Posted by Eric Brightwell, March 12, 2012 02:43pm | Post a Comment

Nehmes Bastet


Female singers have been popular since ancient times. Earlier this year a tomb was discovered in Egypt housing the earthy remains of Nehmes Bastet, a singer who lived and died some 2,900 years ago and is to date the only female buried in the Valley of Kings not related to the royal families.

Nearly 3,000 years after her death, female singers were still popular. As far as female musicians, at least in the western world, they mostly played piano or harp and few did so professionally. All-female bands didn't begin to appear until the 1920s AD. An important development in all-female bands was Lee De Forest's invention of Phonofilms in 1919. Before then, a few early attempts at marrying music to short films with Kinetoscopes, which were hampered by their length of 22 seconds. Many Phonofilms were essentially music videos and some of De Forest's first subjects were female musicians. Soon, Ko-Ko Song Car-Tunes, Visual Music and Photophones followed. (Read about early music videos here). 

Predictably, a large part of the appeal of the all-female bands that formed afterward were chosen as much for their looks as their musical talent and even though many included capable musicians and in some cases talented performers, they've never really been the subjects of serious academic attention and information, when available, is usually scant. As Sherry Tucker's book Swing Shift (one of the few books on the subject) put it, the public "looks first and listens later."
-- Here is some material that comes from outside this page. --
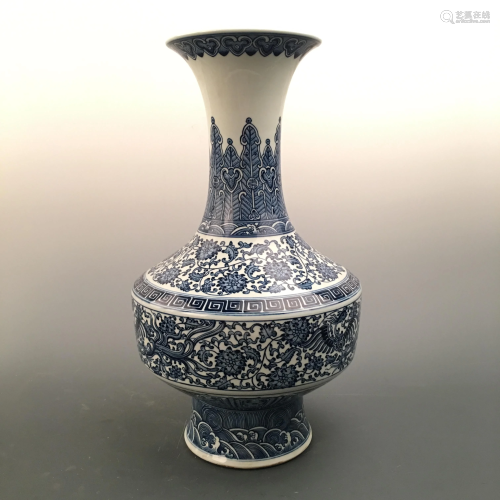 Chinese Blue-White 'Flora' Vase, Qianlong Mark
Helen Lewis and Her All-Girl Jazz Syncopators were possibly the first all-female band, beginning sometime around 1923. Around 1925 they filmed and released a Phonofilm. Despite the significance of their pioneering status, there seems to be surprisingly little documentation of them, as well as many of their all-female peers.

Babe Egan and her Hollywood Red Heads

Babe Egan was born in 1897. She was a talented violinist and formed Babe Egan and her Hollywood Red Heads in 1924. They disbanded in 1933. Egan died in 1966.

The Ingenues formed in 1925 in Chicago. They headlined the Ziegfeld Follies of 1927 and toured North America, Africa, Asia, Europe, Oceania and South America before disbanding in 1937.

The Parisian Red Heads hailed from Indiana and in 1927 billed themselves as "The World's Greatest Girl Band." They recorded a single recording for Brunswick, existing primarily as a touring "territory band." After Babe Egan and her Hollywood Redheads threatened to sue over their name, they changed their name to The Bricktops.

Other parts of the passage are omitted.